--- The data ---
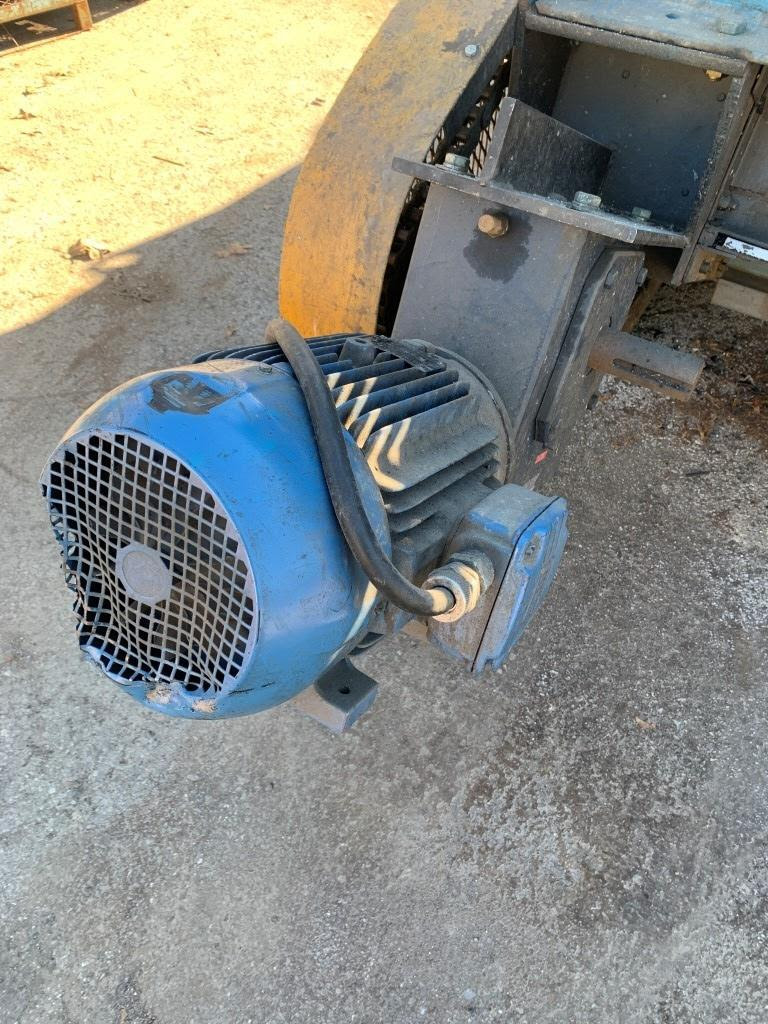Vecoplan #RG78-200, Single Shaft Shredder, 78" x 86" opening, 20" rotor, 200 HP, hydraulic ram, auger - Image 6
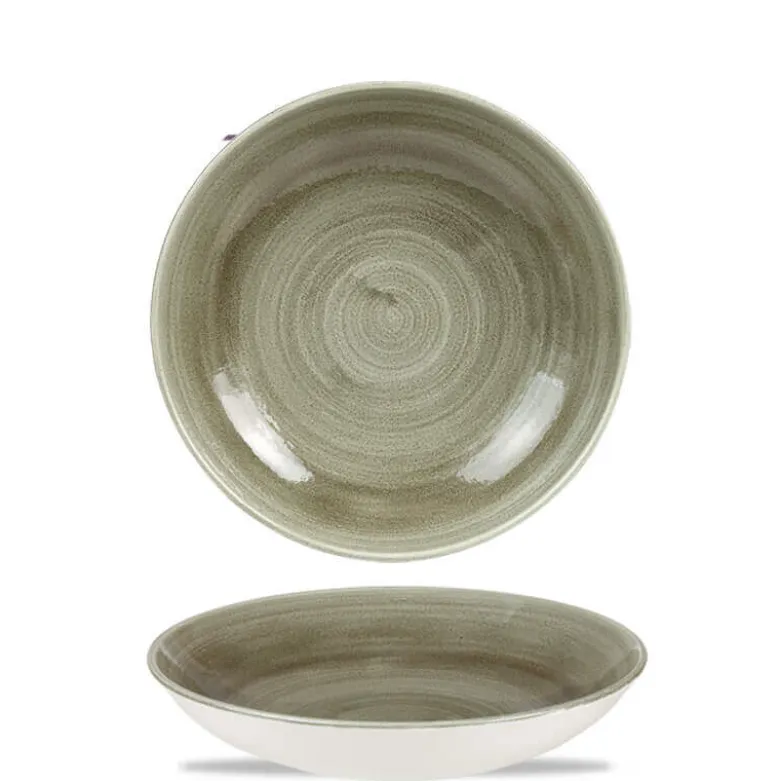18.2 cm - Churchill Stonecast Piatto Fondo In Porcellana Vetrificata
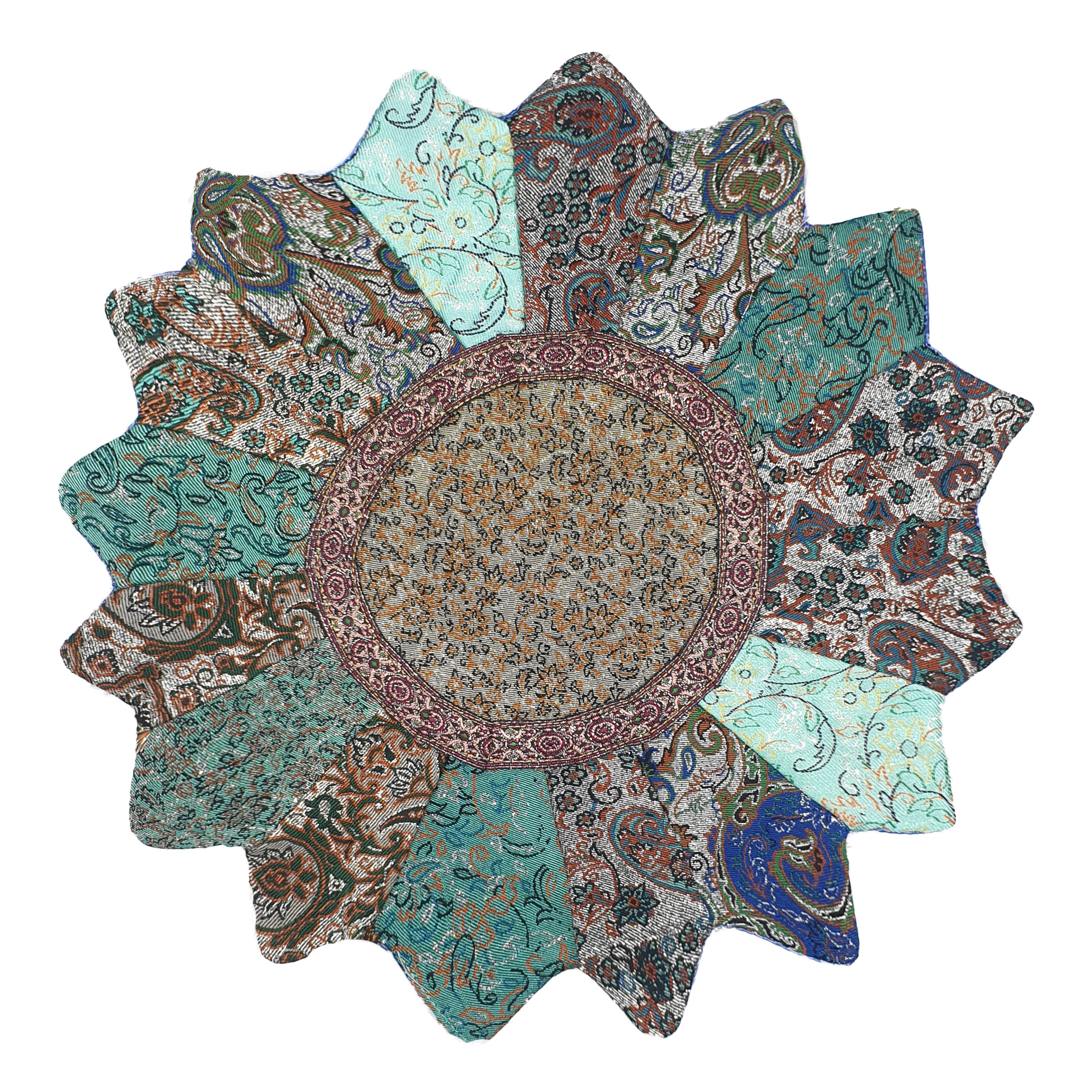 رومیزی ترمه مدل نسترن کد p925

--- Task brief ---
Begin with the line that contains "18.2 cm - Churchill" and repeat every line through the end of the data, exactly and only those lines, leaving out the pictures.

--- Response to the task ---
18.2 cm - Churchill Stonecast Piatto Fondo In Porcellana Vetrificata
 رومیزی ترمه مدل نسترن کد p925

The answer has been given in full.